Los avistamientos de cocodrilos y caimanes en zonas urbanas han crecido en la Ciudad de Panamá, donde la percepción ciudadana apunta a una supuesta proliferación de estos reptiles aunque los expertos advierten que no existen elementos suficientes para hablar de una sobrepoblación.
De lo que sí hay evidencia es de que la ciudad, que se levanta en medio de una selva tropical, ha ocupado progresivamente espacios que antes pertenecían a la fauna silvestre, como explicó a EFE la bióloga e investigadora Miryam Venegas, nacida en Colombia y nacionalizada panameña, conocida como la "doctora cocodrilo" por sus años de investigación sobre estas especies.
"Nosotros, sin lugar a dudas, hemos cambiado el hábitat del cocodrilo en un 50 % a 80 %", comentó a EFE la experta, que lleva más de 20 años estudiando los cocodrilos en Panamá.

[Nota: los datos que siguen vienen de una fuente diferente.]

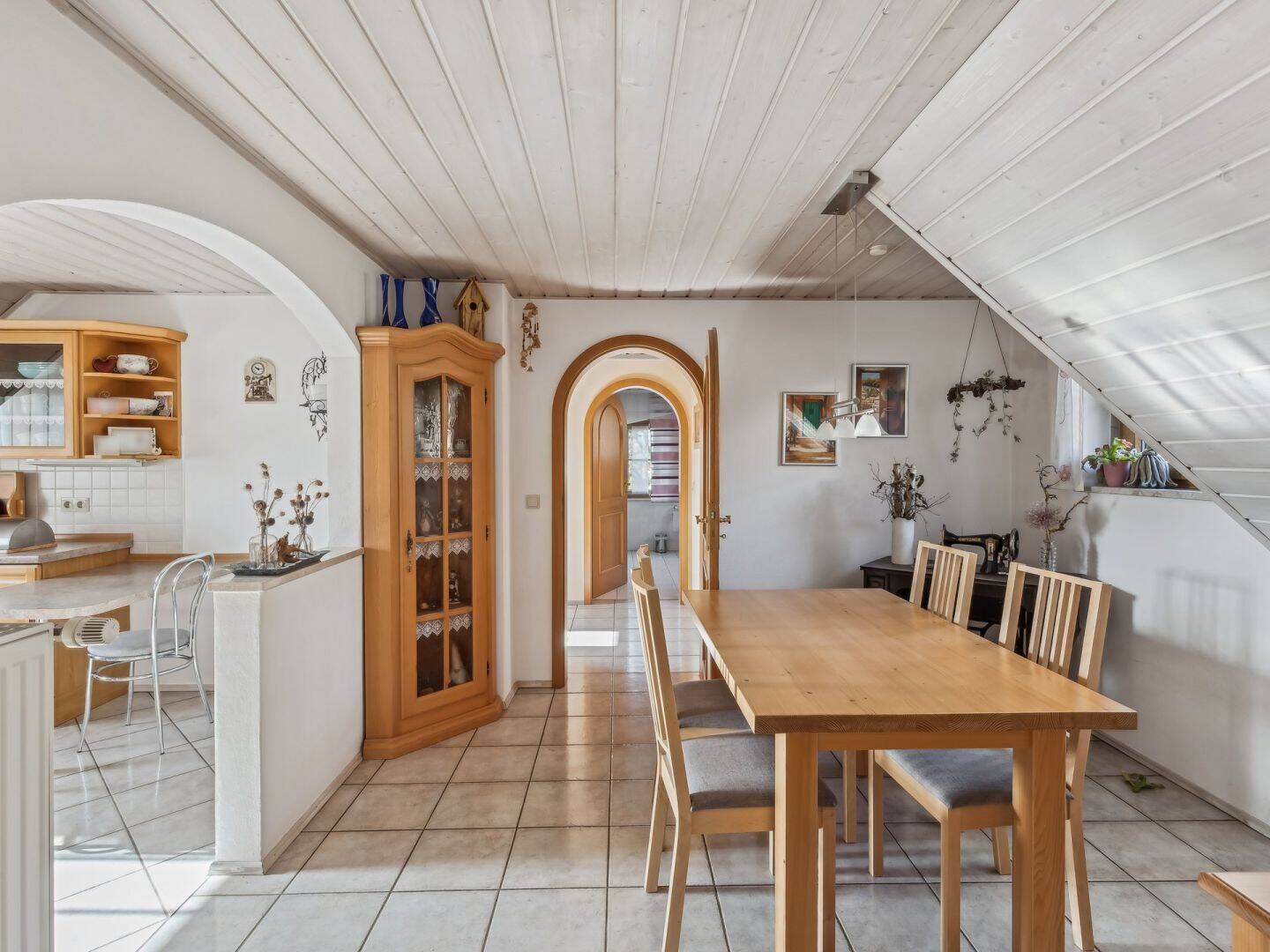 Schöne gepflegte 4-Zimmer-Dachgeschosswohnung in Beratzhausen/Rechberg, 93176 Beratzhausen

A medida que los hábitats de estos grandes reptiles semiacuáticos son fraccionados y los humanos los invaden "obviamente que el encuentro entre las dos especies es más frecuente", agregó.
Un vecino de cuatro metros Una de las especies que habita los afluentes de la capital panameña es el cocodrilo aguja (Crocodylus acutus), que, según Venegas, lleva décadas conviviendo con los humanos sin que exista un reporte de ataques.

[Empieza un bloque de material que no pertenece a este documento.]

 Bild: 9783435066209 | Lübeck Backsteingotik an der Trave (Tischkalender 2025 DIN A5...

Entre los ejemplares más conocidos en Ciudad de Panamá figura el llamado "cocodrilo del Matasnillo", un animal de entre 40 y 45 años, de más de cuatro metros de longitud y cuyo radio de acción, que incluye el río Matasnillo, alcanza unos 40 kilómetros.

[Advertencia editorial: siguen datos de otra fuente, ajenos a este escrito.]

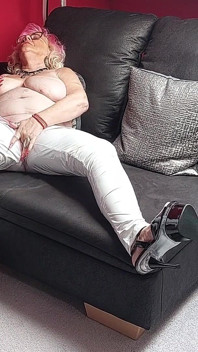 O curvă matură își fute pantalonii în Potopul pișatului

Curiosamente en Panamá algunos ejemplares incluso tienen nombre. 'Juancho' y 'Tito' son dos con los que los panameños han identificado a estos reptiles, una familiaridad que contrasta con una realidad fundamental: siguen siendo animales silvestres.
El móvil, aliado de la supuesta sobrepoblación En Panamá, cada aparición todavía puede convertirse en noticia viral gracias al teléfono móvil, las fotos y los videos, que han cambiado la forma de percibir la presencia de estos reptiles.
"Hay situaciones en que la ciudadanía se encuentra alarmada de que hay más (cocodrilos) dentro de nuestras áreas urbanas; sin embargo, coincido con los expertos en que ahora tenemos más maneras de documentar dónde se encuentran. En muchas ocasiones es el mismo animal", dijo a EFE el subteniente de la Policía Ambiental, Edgardo González.
La Policía Ambiental rescata unos 70 ejemplares al año y los traslada a hábitats naturales, principalmente dentro de áreas protegidas, según los datos proporcionados por el funcionario.
Los avisos aumentan durante la temporada lluviosa, pero la presencia de un cocodrilo no siempre significa que exista una amenaza: "los animales simplemente se encuentran en zonas que continúan formando parte de su hábitat natural", dijo González.
El peligro puede estar del otro lado de la cámara La escena puede repetirse con facilidad: alguien descubre un cocodrilo, saca el teléfono y se acerca para obtener una fotografía. Si el animal no mira hacia la cámara, llega el intento de llamar su atención, y es ahí donde comienza el riesgo.
Alexander Montero, biólogo del Departamento de Biodiversidad del Ministerio de Ambiente de Panamá (MiAmbiente), recuerda que los animales silvestres no necesitan atacar para representar un peligro: basta con sentirse amenazados.
"Toda especie silvestre, cuando alguien se le acerca, va a tratar de defenderse, es un comportamiento normal y más si están en temporada de apareamiento o cuidando a sus crías. Nosotros como seres humanos a veces no entendemos eso", precisó el científico.
No alimentarlos, no molestarlos y mantener una distancia prudente son algunas de las principales recomendaciones del experto.
Crecer sin borrar a la naturaleza El caso de Panamá refleja un desafío: crecer sin borrar los corredores naturales de la fauna.
Detrás de cada imagen viral de un cocodrilo entre casas, calles o canales hay una historia más profunda, la de una ciudad que creció y se acercó progresivamente a los animales que ya estaban allí.
Quizá esa sea la verdadera noticia: no son los cocodrilos los que han llegado a la ciudad, sino la ciudad la que llegó hasta ellos.